With the Internet, an important consideration is the NAT service. Because IPsec supports NAT, the fact that this solution has an option of using IPsec as a tunnel connection between the enterprise and Azure solves any NAT burden.

Reference Topology
The reference topology has three environments: Connections from the Internet, an enterprise data center, and Azure Regions
The Internet-sourced connections where users connect is PublicIP/24. Router 1 is connected to the Internet alone with no VPN or Private WAN.  Router 1 does not run LISP, so the branch office is a non-LISP site.  Internet users access public facing servers located either at the enterprise data center or at Azure.
The enterprise data center is connected to the Internet through the data center edge routers (Router A & B). The default gateway for all the servers located in the enterprise data center is at the aggregation layer.  The Cisco ASR installed on the enterprise, PITR-1 has at least one interface. The link is used for connectivity towards the Internet to advertise routes that are LISP controlled.  The link is also used to transport LISP encapsulated traffic destined to the location of the moved public IP addresses.  
PITR-1 is the only device within the enterprise data center running LISP, and it is configured as a LISP PITR. PITR-1 is also optionally configured with an IPsec tunnel toward the Azure CSR.  ExpressRoute for connectivity is an option between customer DC and Azure.  If using encryption, OSPF is enabled over the GRE/IPsec tunnel to advertise the IP address of the loopback interfaces of PxTR-1 and CSR that are used as the LISP RLOCs if required.  Otherwise, a native LISP encapsulation can be used between the enterprise and Azure CSRs. 
The (CSR) deployed on Azure has one public IP address, and one or more interfaces facing Azure subnets that have migrated customer public IP space.  Public IP Subnets that have been migrated to Azure have a UDR pointing to the CSR for Internet-bound traffic to maintain flow symmetry. 
CSR is the only device in the Azure running LISP, and it is configured as a LISP xTR. CSR is optionally configured with an IPsec tunnel toward PxTR-1, and it has OSPF enabled over its GRE/IPsec tunnel to advertise its loopback interface address that is used as its RLOC if required. In the topology, the subnets 153.16.9.192/28 and 153.16.9.210/28 have been moved to Azure regions. 

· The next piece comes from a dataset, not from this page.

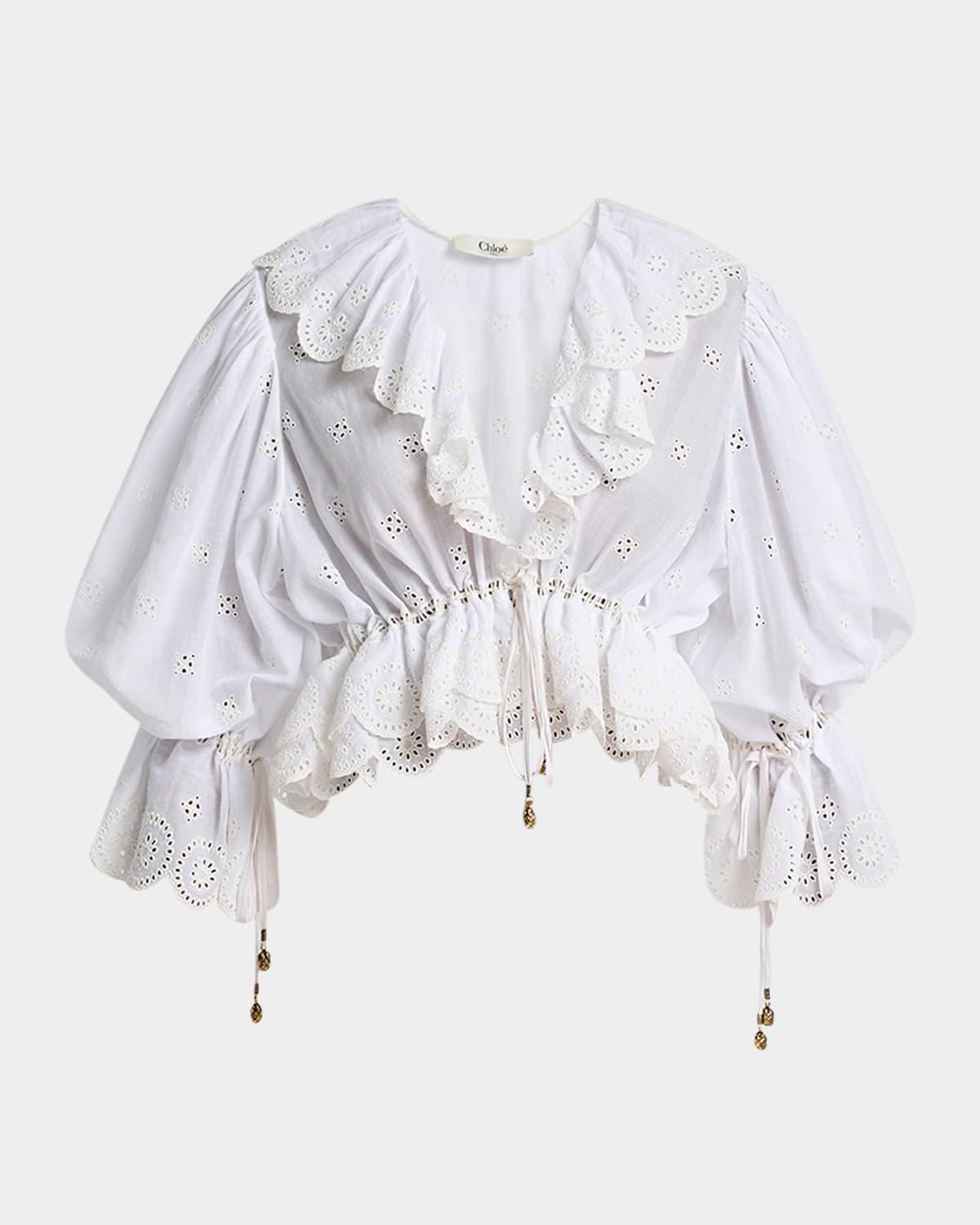 eyelet cotton ruffle crop peasant blouse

Implementation Details within Azure

Within Azure, the LISP-enabled Cisco CSR 1000V (xTR) is in a secondary subnet with a UDR pointing to it for Internet-bound traffic.  The Azure CSR is configured as a LISP ITR and ETR node so that it can perform LISP encapsulation and de-encapsulation of the packets going to the migrated public IPs within Azure. Optionally, for traffic leaving Azure, whenever a route to the destination is not found on the CSR routing table, CSR can route that traffic through PxTR-1 at the enterprise data center. This function, known as use-petr, is useful to ensure that the traffic flow is symmetric between non-LISP-enabled sites and Azure, and it must be used when firewalls or other stateful devices are located at the enterprise data center.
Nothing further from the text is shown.